愚か事はわたしのよくするところではない。沢山の人たちを見てきた。いくつかの国も訪れた。熱心ではなかったが色々な事業にも首をつっこんだ。ほとんど毎日食事もしたし、女にも手を出した。今ふり返ってみれば、数百の顔、二つ三つのすばらしい光景、そして恐らくは二十冊ばかりの本の中身が脳裡にうかぶ。ただわたしとしては格別上等なもの、あるいは下等なものを記憶にとどめたつもりはない。残ることができたものが残っただけだ。
La bêtise n’est pas mon fort. J’ai vu beaucoup d’individus, j’ai visité quelques nations, j’ai pris ma part d’entreprises diverses sans les aimer, j’ai mangé presque tous les jours, j’ai touché à des femmes. Je revois maintenant quelques centaines de visages, deux ou trois grands spectacles, et peut-être la substance de vingt livres. Je n’ai pas retenu le meilleur ni le pire de ces choses : est resté ce qui l’a pu.
《La bêtise n’est pas mon fort.》――《愚か事はわたしのよくするところではない》には、恒川氏の註がながながと付いている。
有名な書き出しの一文La bêtise n’est pas mon fort.の訳。文型はごく簡単であるが、全体のトーンを決定するような一文であり、bêtiseという言葉の使い方が極めて特殊であるため、原文の簡潔さをあまり損なわないように翻訳するのは至難の技である。まずはっきりしているところからおさえておくなら、mon fortは「わたしの強いところ、得意とするところ、よくするところ」の意である。とすれば要はbêtiseの意味するところである。まずbêtiseという言葉が現代フランス語として持っている(響かせている)普通の意味は「愚かさ(愚鈍、軽率)、愚かな(軽率な)言動、とるにたらないこと(つまらないこと)といったものであることを頭に置いておくとして、テキスト読解の基本である作品にもどって考えてみれば、ここでbêtiseと言われていることの具体的な内容はこの最初の一文に続く「沢山の人々をみてきた……」以下「残ることができたものが残っただけだ」までに至るパラグラフに示されているのではないか。すなわち「わたし」にとってbêtiseとは「人と会ったり、旅行をしたり、事業に手を出したり、食事をしたり、女を抱いたりする」ことなのであり、もう少し広げれば「本を読む」ことも入りそうである。そうしてみれば、bêtiseとはbête(動物、〔人間の〕獣性)がなせる業のこととも考えられる。すなわち、動物としての人間のするすべてがbêtiseなのである。それならbêtiseに対する概念はなにかといえばintelligenceであって(……)、このあたりの事情を思いきって簡単に言い切ってしまえば「わたしは精神/知性の人間であって、こと動物的な人間の営みについては平々凡々としていて、また自分からことさらの関心も抱かない」といったところだろう。(……)

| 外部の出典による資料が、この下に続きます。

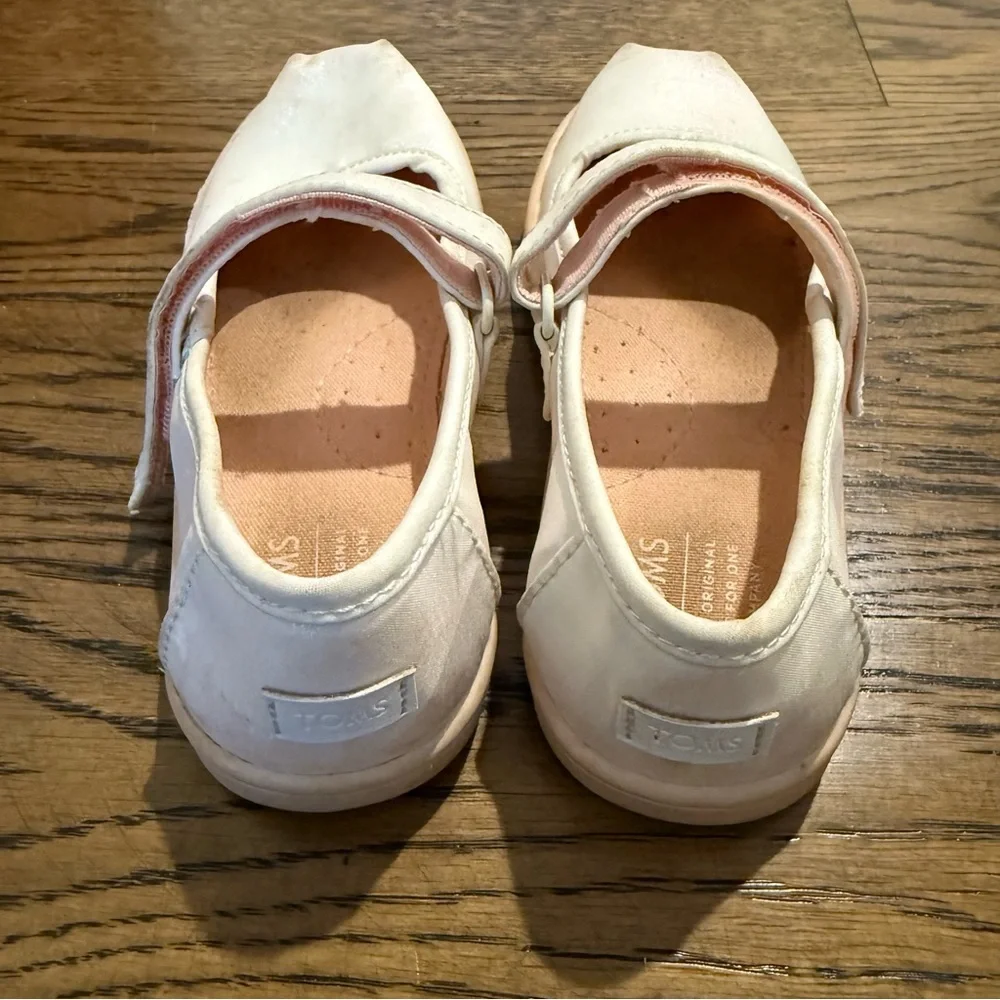 Toms Kids Ballet Flat Sneaket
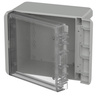 Bopla B 141309 PC-V0-G 7035 (96023235) - obudowa uniwersalna z przezroczystą pokrywą (151 x 125 x 90 mm)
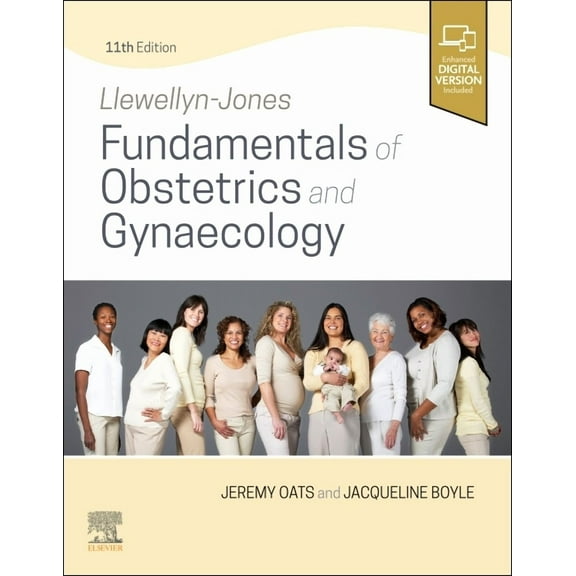 Llewellyn-Jones Fundamentals of Obstetrics and Gynaecology, (Paperback)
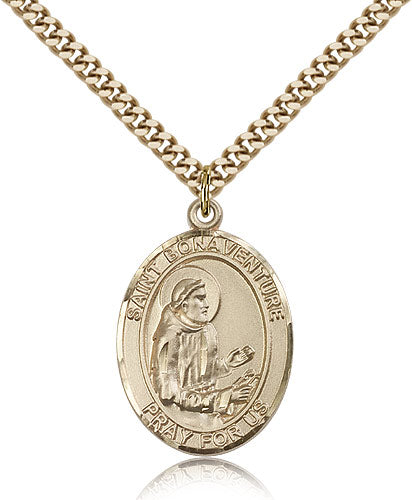 Bliss St Bonaventure Catholic Patron Saint Medal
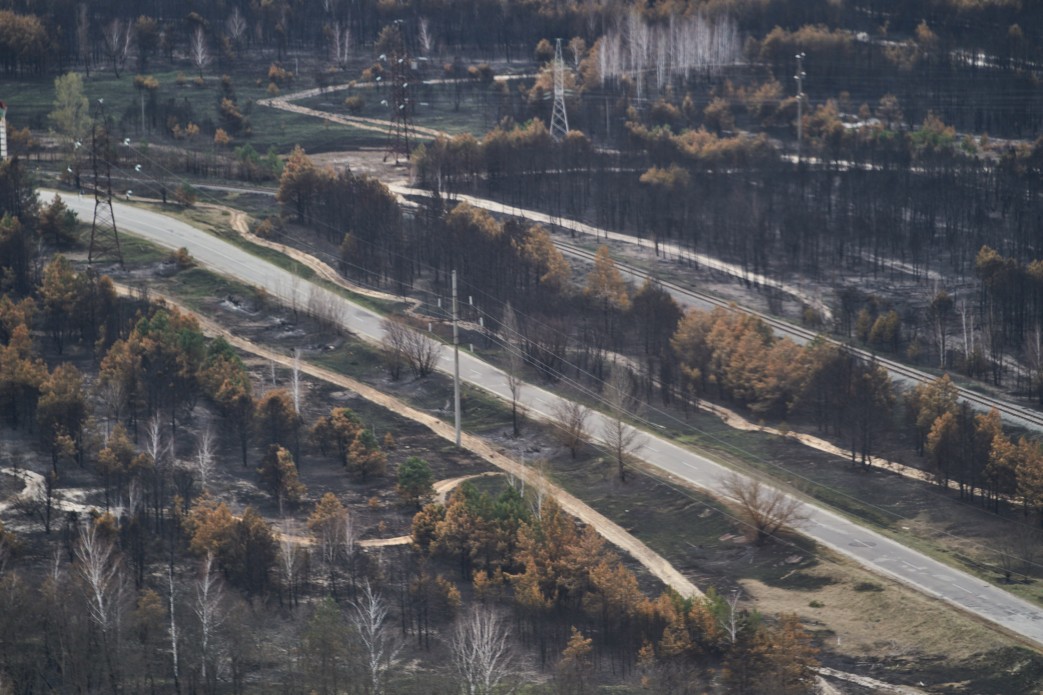 Зону отчуждения Чернобыльской АЭС открыли для посетителей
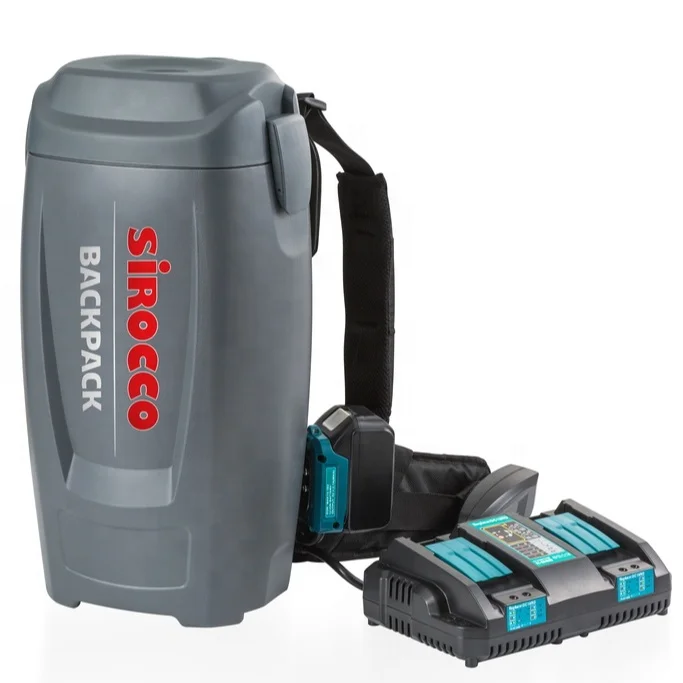 

Wireless Lightweight Battery Backpack Vacuum Cleaner for Commercial Use Effective Stairs Outdoor Car Hotel RV Household Garage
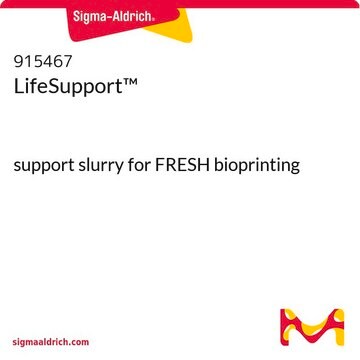 LifeSupport&#8482; support slurry for FRESH bioprinting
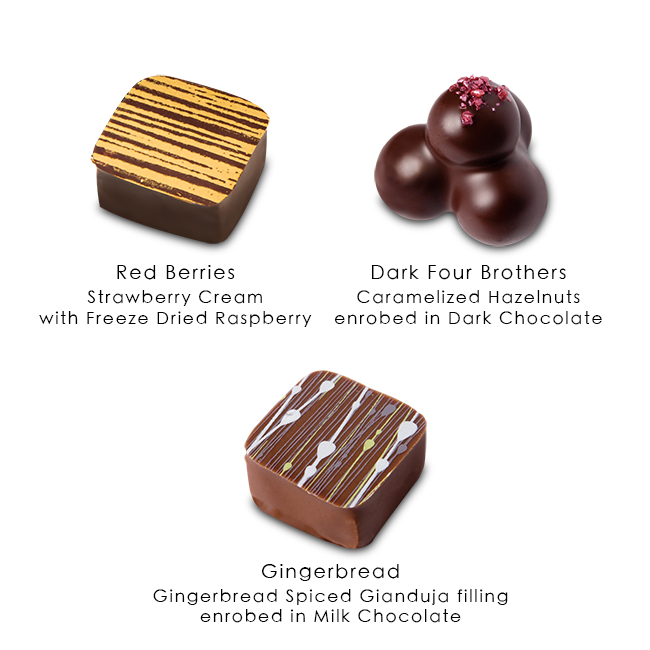 聖誕經典禮盒（6顆）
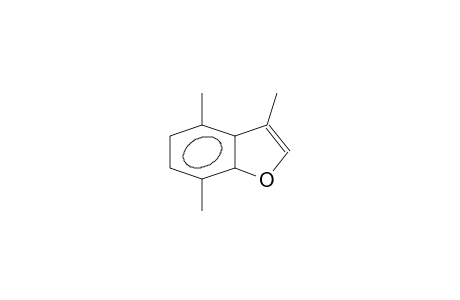 3,4,7-Trimethylbenzofuran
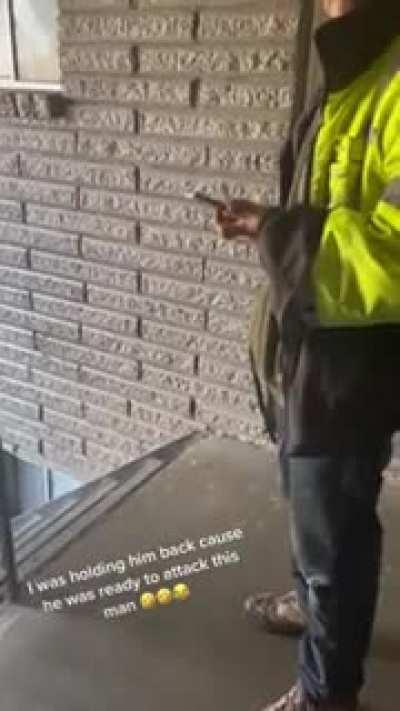 Stalkers are getting brave. What happened to waiting out of sight. 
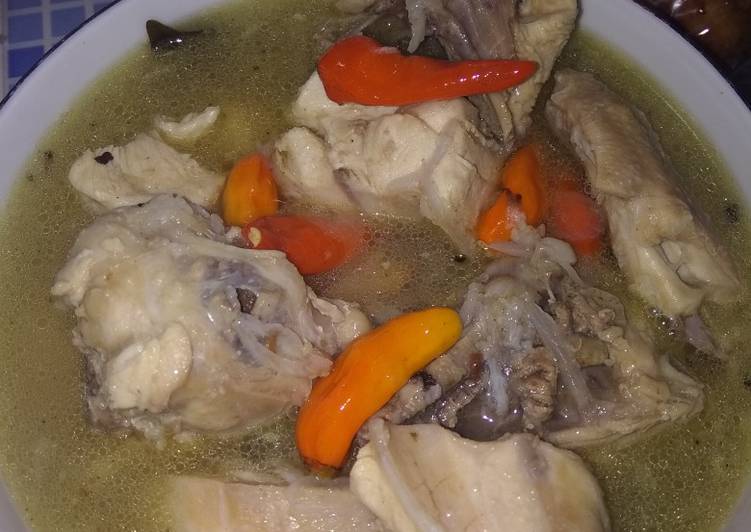 Garang asem ayam bening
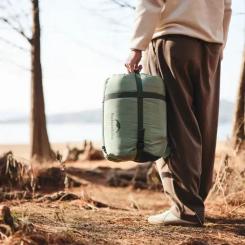 Спальный мешок Naturehike двомісний CNK2300019, коричневий Фото 4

さて以上のように考えて旧訳を吟味してみると言わば小林秀雄の定訳と考えられているAでは「僕には、自分の愚かさは、うまく扱えない」となっていて、「自分の愚かさ」といったところが少し的が外れているように思われる。もっと古い訳ではbêtiseが「馬鹿な真似をする」となっていてこれもおかしい。馬鹿な真似は馬鹿な真似でも、個人の愚かさとしてではなく、「人間が生きるためにするさまざまな馬鹿々々しい真似」でなくてはならない。さらに翻訳Bでは「愚かしさは私には、自分ながら扱いかねる部分なのだ」となっている。「自分の愚かしさ」が「愚かしさ」となっているが、文章全体の印象からすると、「愚かしさ」というからにはやはりかく言う自分だけに関わっているようで、Aと同工異曲ではないか。
結局、拙訳ではbêtiseを「愚か事」と訳し、文章の流れで、愚か事とは以下に述べることだとわかるように配慮したつもりだが、果たして成功したかどうか。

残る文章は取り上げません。